### WHAT YOU HAVE TO DO
Start with the line that holds "83 Carthage Rd, Jackson, TN 38305". Please copy it and each remaining line below exactly, leaving pictures out.

### PROVIDED DATA
■ ■ ■ ■ ■

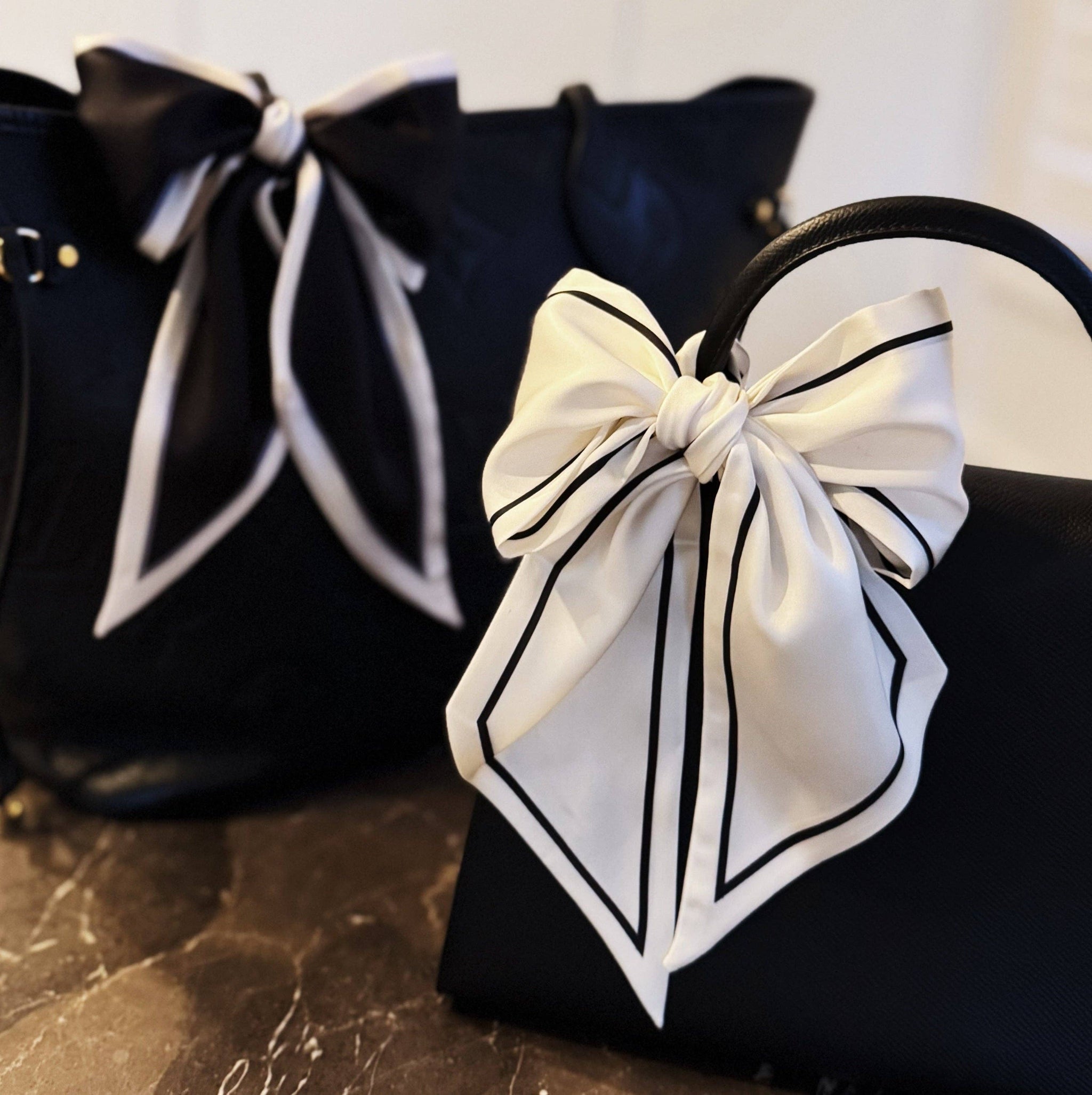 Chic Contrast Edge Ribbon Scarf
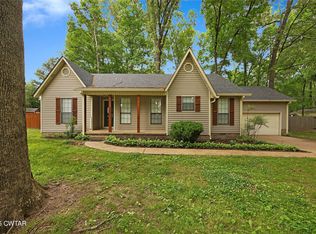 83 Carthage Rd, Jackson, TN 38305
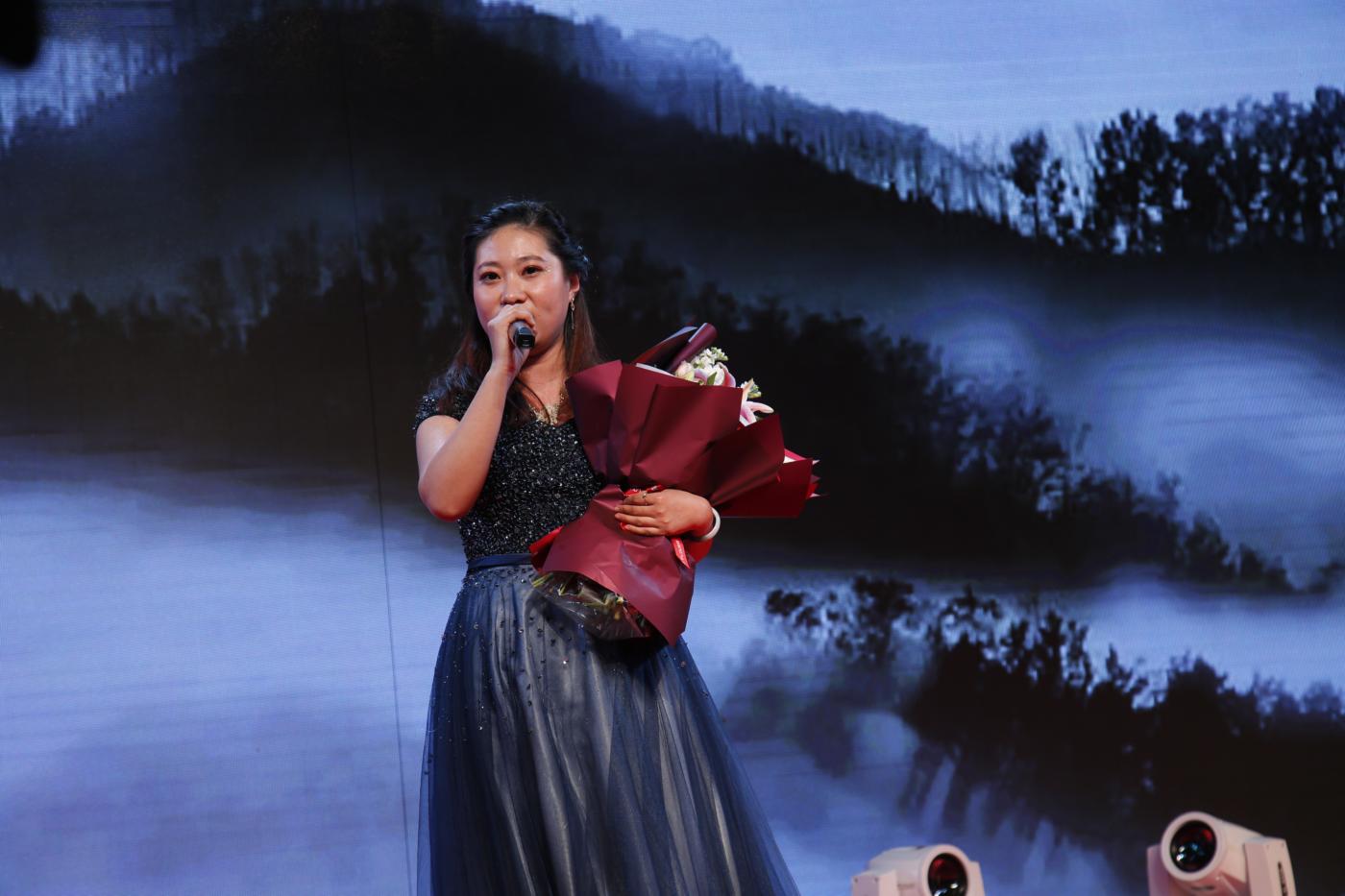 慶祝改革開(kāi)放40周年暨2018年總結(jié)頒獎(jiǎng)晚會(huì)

■ ■ ■ ■ ■

### TASK SOLUTION
 83 Carthage Rd, Jackson, TN 38305
 慶祝改革開(kāi)放40周年暨2018年總結(jié)頒獎(jiǎng)晚會(huì)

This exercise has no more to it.